ここ数ヶ月で言うなら、あなたのコンプレックスそのものである、あなたの体のある部分へのコンタクトが、あなたにこれほど官能的な幸福を与えるものだとわかったのはひとつの発見でした。身体は心とつながっているということを、あらためて思うものでもありました。

 

夫婦は新しくお互いを発見するということをできるだけ長く深く続けていくのがよいと思うし、そのためにセックスは重要な要素でありえます。

 

そんな思想のもと、だから「夫のちんぽが入らない」はタイトルから衝撃的でした。

そして、一見出オチ感もあるタイトルをはるかに凌駕する内容。

夫婦の在り方という難題を、何度も何度もつきつけるその筆圧に、ぼくはただ圧倒されるのでした。

 

 夫婦として日常を過ごす描写の合間、ことあるごとに挿入される「ちんぽはまだ入らない」という文句。

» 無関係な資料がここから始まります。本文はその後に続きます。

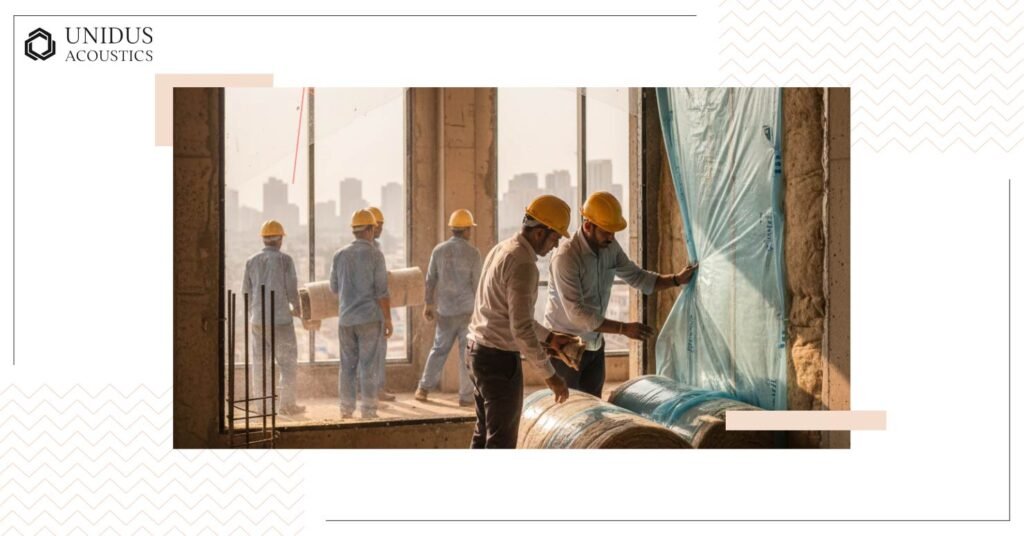 Complete Guide to Acoustic Insulation Materials for Commercial Spaces in India 8 Acoustic Insulation in the Indian Commercial Context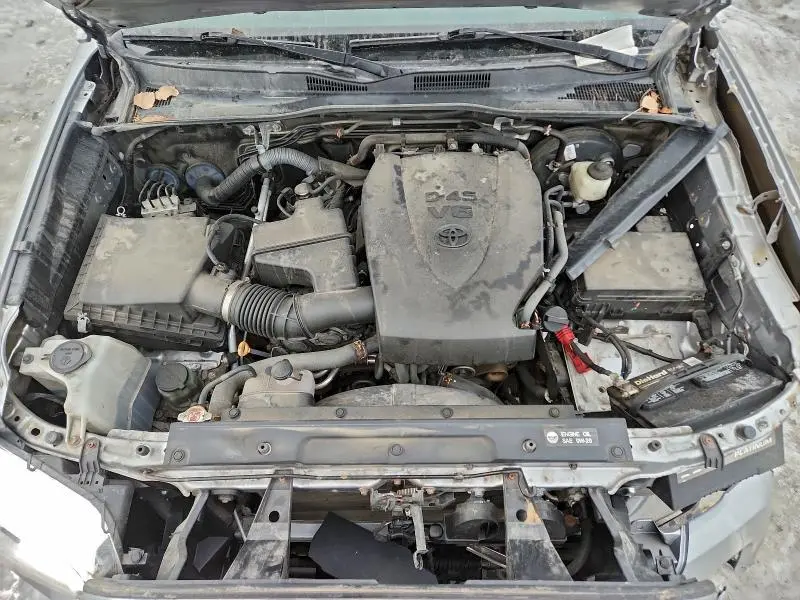 2017 TOYOTA TACOMA DOUBLE CAB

夫のちんぽは入らないのに、ほかの男性のちんぽは入ってしまう不思議。

夫婦でのセックスや子づくりは諦める一方、夫婦は信頼関係を増していく。互いの理解を深めていく。

 

そんなふたりの様子に、ぼくは心打たれました。

夫婦というのは、おそらく、定型的なパターンで括れるものなどないのでしょうね。

どのペアをとってみても、そこに固有の在り方をしてしまう。ぼくたちはつい「典型的な幸福」というものに憧れを持ってしまうけれど、少なくとも夫婦という形態においては、モデルとしての幸福な像というのはありえないのだろうと思います。

 

ちんぽが入らなくても互いを信頼し幸福に過ごす夫婦があります。

 

かたや、ちんぽは入るけれど、葛藤を持ちながら、それでもあなたを幸福せしめたいと欲望するぼくという人間があります。

ぼくはぼくの葛藤ごと、あなたと婚姻している。そう聞いたなら、あなたはきっと哀しむのでしょうね。